[Excerpted records — start]

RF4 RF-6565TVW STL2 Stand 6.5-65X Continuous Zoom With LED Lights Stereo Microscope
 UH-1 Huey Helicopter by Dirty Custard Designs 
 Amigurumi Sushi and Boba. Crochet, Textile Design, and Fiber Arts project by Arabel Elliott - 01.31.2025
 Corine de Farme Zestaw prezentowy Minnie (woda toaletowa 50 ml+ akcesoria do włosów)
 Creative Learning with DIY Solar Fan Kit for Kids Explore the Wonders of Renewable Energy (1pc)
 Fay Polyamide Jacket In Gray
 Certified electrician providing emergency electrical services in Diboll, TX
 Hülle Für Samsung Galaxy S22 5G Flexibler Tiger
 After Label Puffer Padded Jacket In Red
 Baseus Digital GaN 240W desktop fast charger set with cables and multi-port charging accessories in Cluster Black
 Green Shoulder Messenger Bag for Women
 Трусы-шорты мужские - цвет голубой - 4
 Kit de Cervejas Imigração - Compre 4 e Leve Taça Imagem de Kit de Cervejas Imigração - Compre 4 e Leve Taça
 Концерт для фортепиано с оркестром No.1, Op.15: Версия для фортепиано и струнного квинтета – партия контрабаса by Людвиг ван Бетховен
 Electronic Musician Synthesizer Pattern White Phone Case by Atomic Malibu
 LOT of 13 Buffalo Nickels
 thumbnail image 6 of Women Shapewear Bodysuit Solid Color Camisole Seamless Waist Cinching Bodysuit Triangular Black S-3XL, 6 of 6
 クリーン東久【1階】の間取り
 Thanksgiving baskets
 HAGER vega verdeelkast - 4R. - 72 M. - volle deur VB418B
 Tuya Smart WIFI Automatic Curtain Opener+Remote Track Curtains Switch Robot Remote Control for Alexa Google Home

[Excerpted records — finish]

Starting at the line that holds "Kit de Cervejas Imigração - Compre 4 e Leve Taça Imagem", retype each line exactly through the end of the entries, both ends included.

 Kit de Cervejas Imigração - Compre 4 e Leve Taça Imagem de Kit de Cervejas Imigração - Compre 4 e Leve Taça
 Концерт для фортепиано с оркестром No.1, Op.15: Версия для фортепиано и струнного квинтета – партия контрабаса by Людвиг ван Бетховен
 Electronic Musician Synthesizer Pattern White Phone Case by Atomic Malibu
 LOT of 13 Buffalo Nickels
 thumbnail image 6 of Women Shapewear Bodysuit Solid Color Camisole Seamless Waist Cinching Bodysuit Triangular Black S-3XL, 6 of 6
 クリーン東久【1階】の間取り
 Thanksgiving baskets
 HAGER vega verdeelkast - 4R. - 72 M. - volle deur VB418B
 Tuya Smart WIFI Automatic Curtain Opener+Remote Track Curtains Switch Robot Remote Control for Alexa Google Home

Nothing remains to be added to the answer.